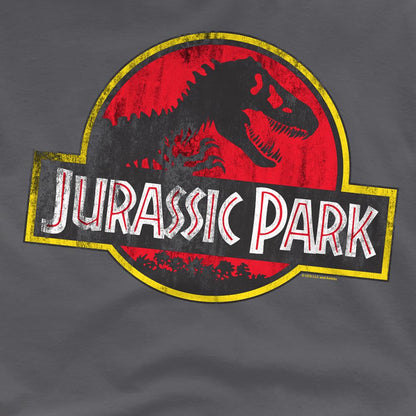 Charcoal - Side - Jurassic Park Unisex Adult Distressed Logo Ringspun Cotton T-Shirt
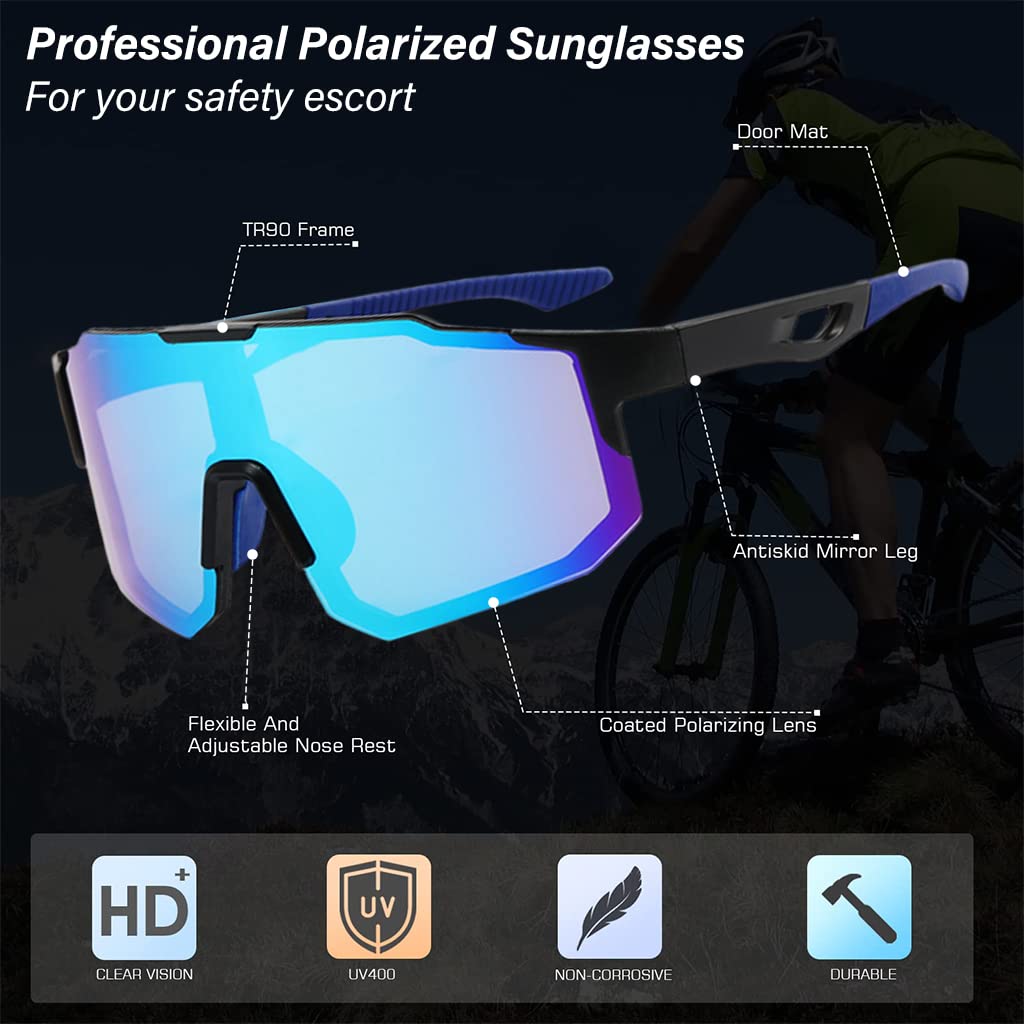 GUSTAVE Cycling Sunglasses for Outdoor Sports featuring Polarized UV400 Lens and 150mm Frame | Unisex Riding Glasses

════════════════

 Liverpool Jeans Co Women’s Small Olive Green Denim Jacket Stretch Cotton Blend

════════════════

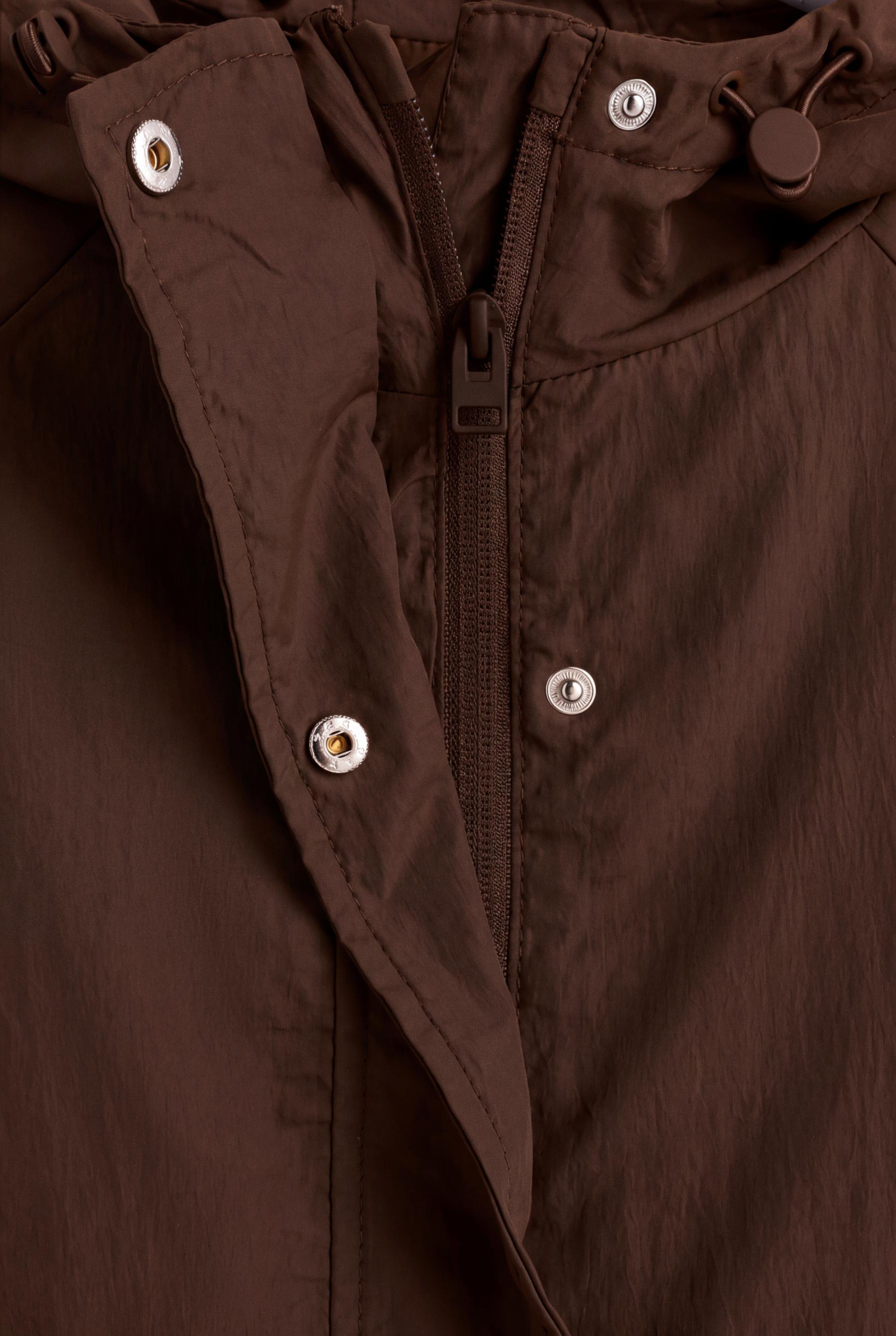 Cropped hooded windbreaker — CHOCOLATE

════════════════

→ **REQUIRED ACTION**: Look above for the line with "Charcoal - Side" and the line with "GUSTAVE Cycling Sunglasses"; set down those two lines and all lines between them exactly, without pictures and without anything else.

→ **RESULT OF THE TASK**:
 Charcoal - Side - Jurassic Park Unisex Adult Distressed Logo Ringspun Cotton T-Shirt
 GUSTAVE Cycling Sunglasses for Outdoor Sports featuring Polarized UV400 Lens and 150mm Frame | Unisex Riding Glasses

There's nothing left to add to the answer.